An exact copy of each line below is needed, with no images in it.
Top of SUPPLIED DATA
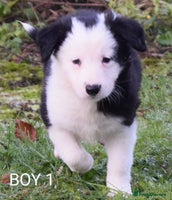 Border Collie dogs PEDIGREE BORDER COLLIE PUPPIES ISDS KC SHEEPDOG - Advert 9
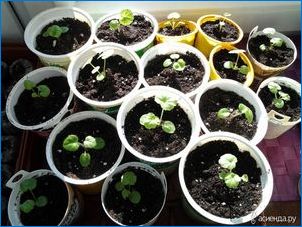 Hogyan kell ültetni és növelni a gerániumot a magokból?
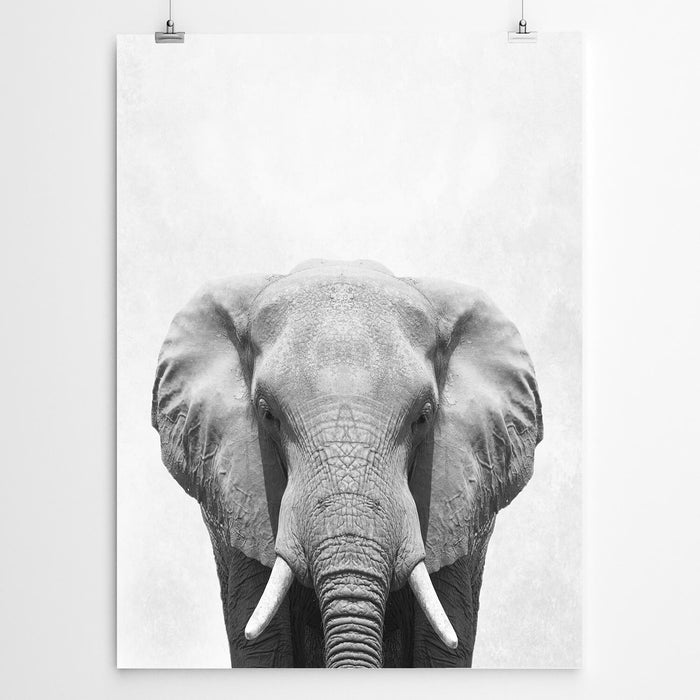 Elephant art print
Bottom of SUPPLIED DATA
> RESULT FOR THIS TASK:
 Border Collie dogs PEDIGREE BORDER COLLIE PUPPIES ISDS KC SHEEPDOG - Advert 9
 Hogyan kell ültetni és növelni a gerániumot a magokból?
 Elephant art print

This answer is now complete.